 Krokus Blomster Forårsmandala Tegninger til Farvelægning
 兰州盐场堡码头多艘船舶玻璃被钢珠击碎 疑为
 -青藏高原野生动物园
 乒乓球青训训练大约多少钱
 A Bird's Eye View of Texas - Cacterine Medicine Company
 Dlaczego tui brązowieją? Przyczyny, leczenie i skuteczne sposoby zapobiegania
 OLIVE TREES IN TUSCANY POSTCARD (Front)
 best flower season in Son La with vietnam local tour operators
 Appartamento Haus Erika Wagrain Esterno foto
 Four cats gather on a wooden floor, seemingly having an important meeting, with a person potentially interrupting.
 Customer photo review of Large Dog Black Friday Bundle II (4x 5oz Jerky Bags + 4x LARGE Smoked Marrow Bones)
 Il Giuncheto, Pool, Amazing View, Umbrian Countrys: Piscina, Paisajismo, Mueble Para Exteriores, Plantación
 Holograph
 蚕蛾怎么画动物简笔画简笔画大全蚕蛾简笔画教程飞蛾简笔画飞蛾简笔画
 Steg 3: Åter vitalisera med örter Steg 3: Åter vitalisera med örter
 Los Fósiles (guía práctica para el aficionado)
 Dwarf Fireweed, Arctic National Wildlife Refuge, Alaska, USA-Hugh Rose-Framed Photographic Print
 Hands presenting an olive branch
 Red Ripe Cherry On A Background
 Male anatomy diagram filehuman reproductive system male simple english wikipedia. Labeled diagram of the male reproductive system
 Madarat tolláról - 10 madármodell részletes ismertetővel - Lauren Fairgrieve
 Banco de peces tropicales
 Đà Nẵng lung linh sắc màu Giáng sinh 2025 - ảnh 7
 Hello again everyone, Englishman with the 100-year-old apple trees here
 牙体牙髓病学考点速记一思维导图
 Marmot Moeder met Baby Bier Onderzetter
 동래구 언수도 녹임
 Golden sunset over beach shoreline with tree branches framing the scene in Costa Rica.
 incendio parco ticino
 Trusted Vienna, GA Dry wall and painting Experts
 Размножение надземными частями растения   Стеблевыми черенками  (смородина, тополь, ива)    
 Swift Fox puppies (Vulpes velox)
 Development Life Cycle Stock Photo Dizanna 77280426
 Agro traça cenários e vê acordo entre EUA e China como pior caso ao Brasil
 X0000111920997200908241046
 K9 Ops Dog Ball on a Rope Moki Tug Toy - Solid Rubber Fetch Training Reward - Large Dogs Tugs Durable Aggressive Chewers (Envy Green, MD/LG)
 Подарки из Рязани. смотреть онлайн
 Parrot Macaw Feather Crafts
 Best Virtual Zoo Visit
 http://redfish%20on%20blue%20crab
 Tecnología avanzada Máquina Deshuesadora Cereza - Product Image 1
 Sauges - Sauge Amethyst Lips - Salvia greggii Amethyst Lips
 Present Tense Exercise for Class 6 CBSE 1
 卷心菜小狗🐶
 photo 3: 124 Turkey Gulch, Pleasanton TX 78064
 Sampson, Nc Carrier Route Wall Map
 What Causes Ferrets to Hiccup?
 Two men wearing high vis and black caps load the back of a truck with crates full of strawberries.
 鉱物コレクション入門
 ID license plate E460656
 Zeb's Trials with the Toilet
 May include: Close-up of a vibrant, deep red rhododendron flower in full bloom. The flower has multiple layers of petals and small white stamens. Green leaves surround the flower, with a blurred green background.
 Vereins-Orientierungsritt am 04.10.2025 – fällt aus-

--

Wherever the string "Large" appears in the entries above, return the line it appears on.

Solution to the problem
 Customer photo review of Large Dog Black Friday Bundle II (4x 5oz Jerky Bags + 4x LARGE Smoked Marrow Bones)
 K9 Ops Dog Ball on a Rope Moki Tug Toy - Solid Rubber Fetch Training Reward - Large Dogs Tugs Durable Aggressive Chewers (Envy Green, MD/LG)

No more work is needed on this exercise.